**HOW TO COMPLETE THIS TASK**
Only the lines from the one containing "Villeroy and Boch" through the end of the records should be retyped, exactly and including both ends; pictures stay out.

**WORKING DATA**
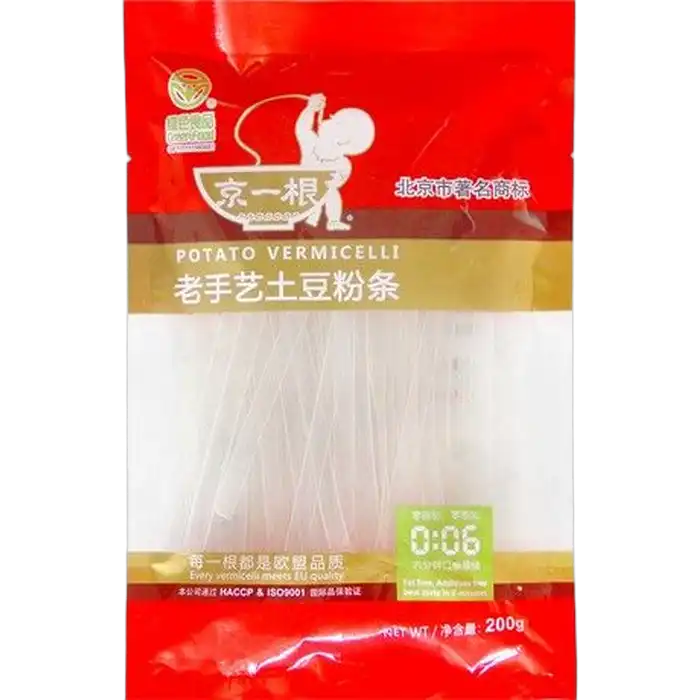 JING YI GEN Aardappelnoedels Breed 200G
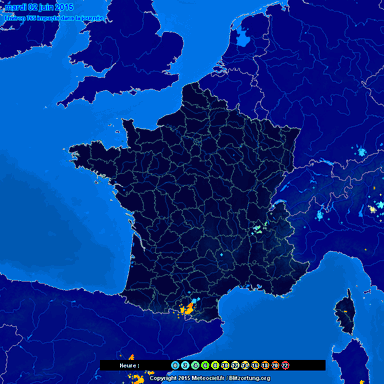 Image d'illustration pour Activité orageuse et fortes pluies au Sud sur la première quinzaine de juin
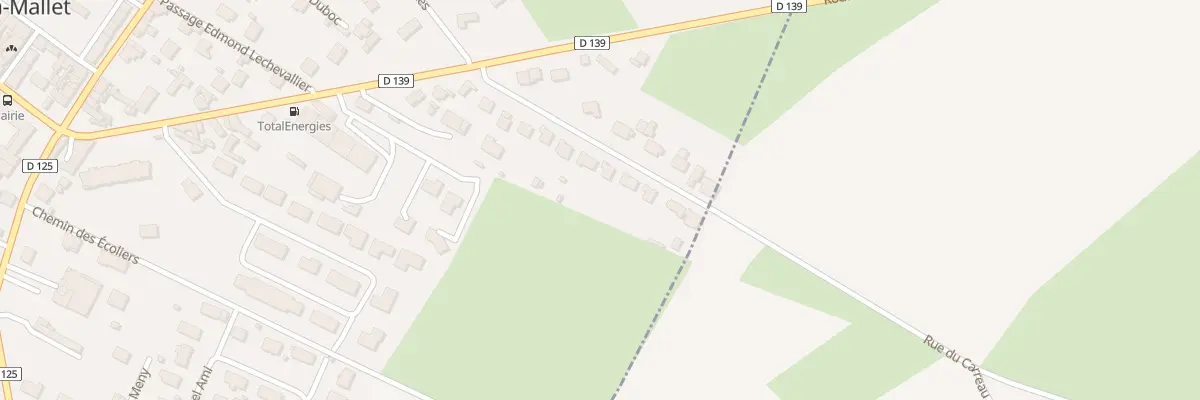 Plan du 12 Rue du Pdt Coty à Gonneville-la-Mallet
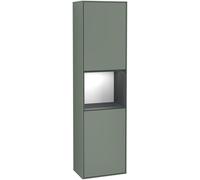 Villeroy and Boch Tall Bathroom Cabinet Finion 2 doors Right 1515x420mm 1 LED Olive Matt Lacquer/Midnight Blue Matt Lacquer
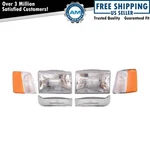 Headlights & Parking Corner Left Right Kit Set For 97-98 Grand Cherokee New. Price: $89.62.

**RESULT OF THE TASK**
 Villeroy and Boch Tall Bathroom Cabinet Finion 2 doors Right 1515x420mm 1 LED Olive Matt Lacquer/Midnight Blue Matt Lacquer
 Headlights & Parking Corner Left Right Kit Set For 97-98 Grand Cherokee New. Price: $89.62.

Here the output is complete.